CHAPAS-4 trial shows benefit of new antiretroviral combinations for second-line treatment of children living with HIV

25 Jul 2023

The CHAPAS-4 trial has found that newer antiretroviral combinations including tenofovir alafenamide and dolutegravir are superior to older second-line options for children living with HIV. These results were presented today at the International AIDS Society Conference in Australia.

In addition, CHAPAS-4 found that combinations including the drugs darunavir or atazanavir are excellent alternative options.

CHAPAS-4 was a large randomised controlled trial, with 919 children aged 3-15 years from Uganda, Zambia and Zimbabwe taking part. It aimed to improve treatment options for children living with HIV requiring second-line treatment after first-line treatment with efavirenz or nevirapine. Children were followed-up for at least two years after starting second line treatment.

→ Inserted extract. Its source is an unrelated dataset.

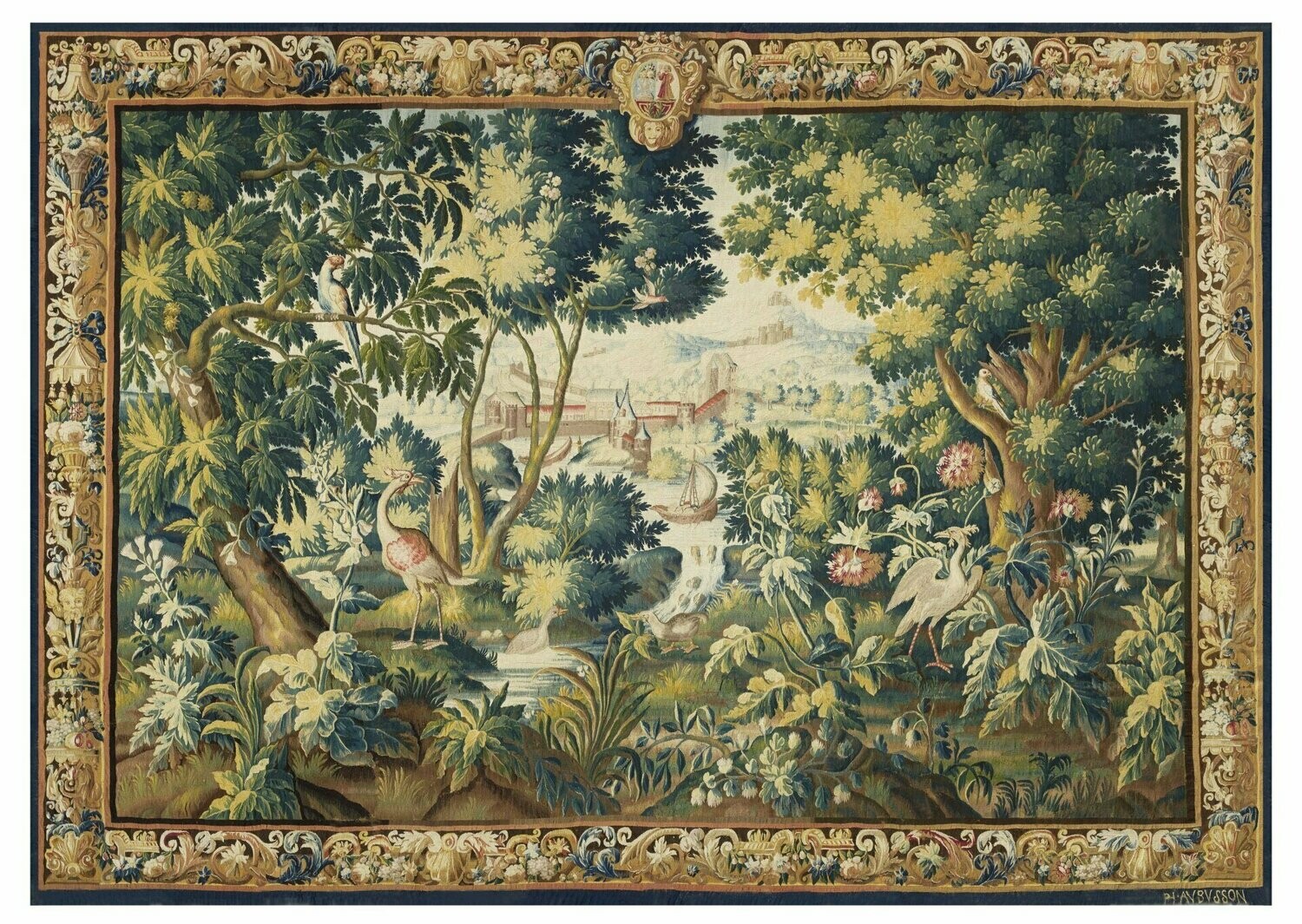 Tapisserie de la Manufacture Royale d'Aubusson - Epoque 18e - Dim:L3.77xH2.87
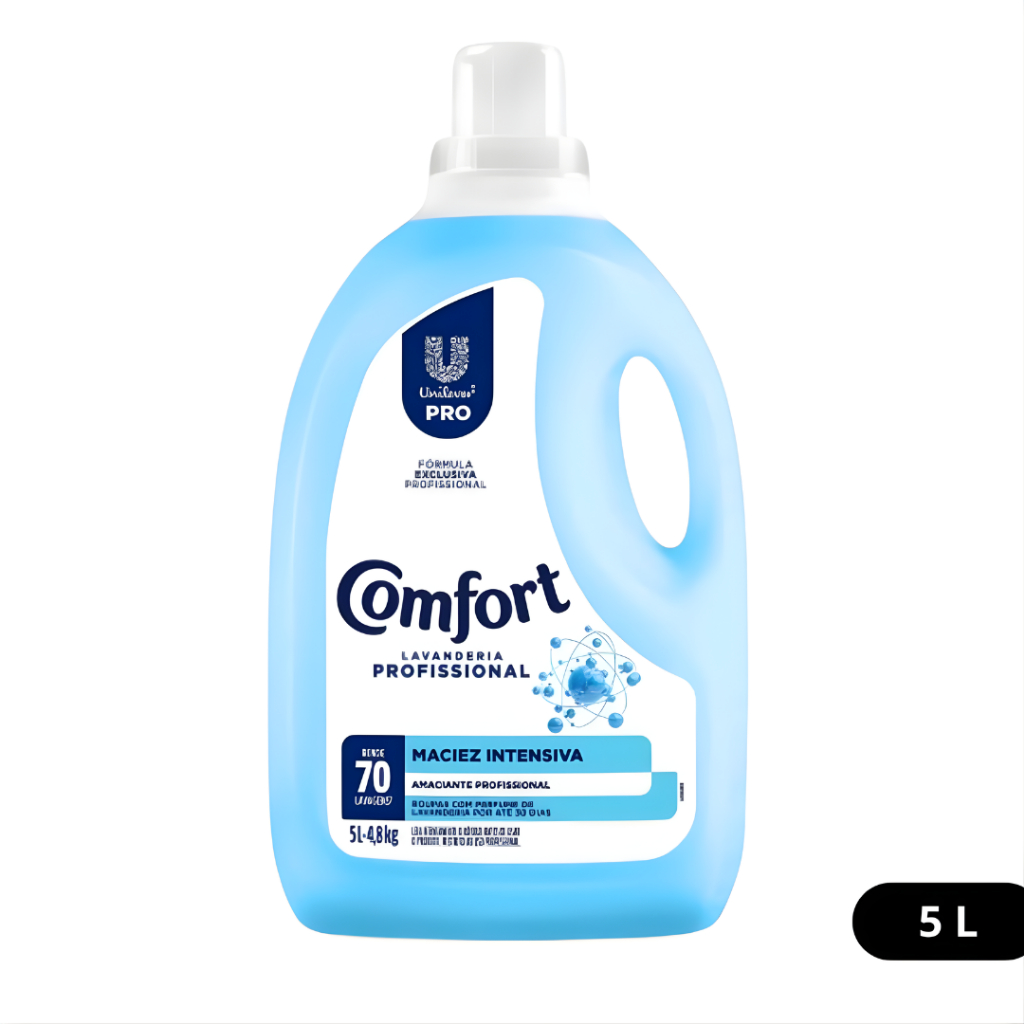 Amaciante Comfort Lavanderia Profissional Maciez Intensiva 5L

Overall, children in the CHAPAS-4 trial did very well. Very few children experienced their disease getting worse, or were hospitalised. One child died for reasons unrelated to trial treatment.

HIV treatment regimens are usually made up of a backbone of two drugs, with a third drug from a different class of antiviral medicines (called an anchor drug). For some people, initial treatment regimens can stop working with HIV developing resistance to first-line drugs, meaning they need to change to a different combinations of drugs (second-line treatment). Children living with HIV whose first-line treatment is no longer working well have few options for second-line antiretroviral therapy.

CHAPAS-4 compared a treatment backbone of tenofovir-alafenamide (TAF) plus emtricitabine (FTC) to the current standard of abacavir (ABC) or zidovudine (ZDV) plus lamivudine (3TC). TAF successfully suppressed HIV in 6% more children than ABC or ZDV plus 3TC. Side-effects were similar between the groups.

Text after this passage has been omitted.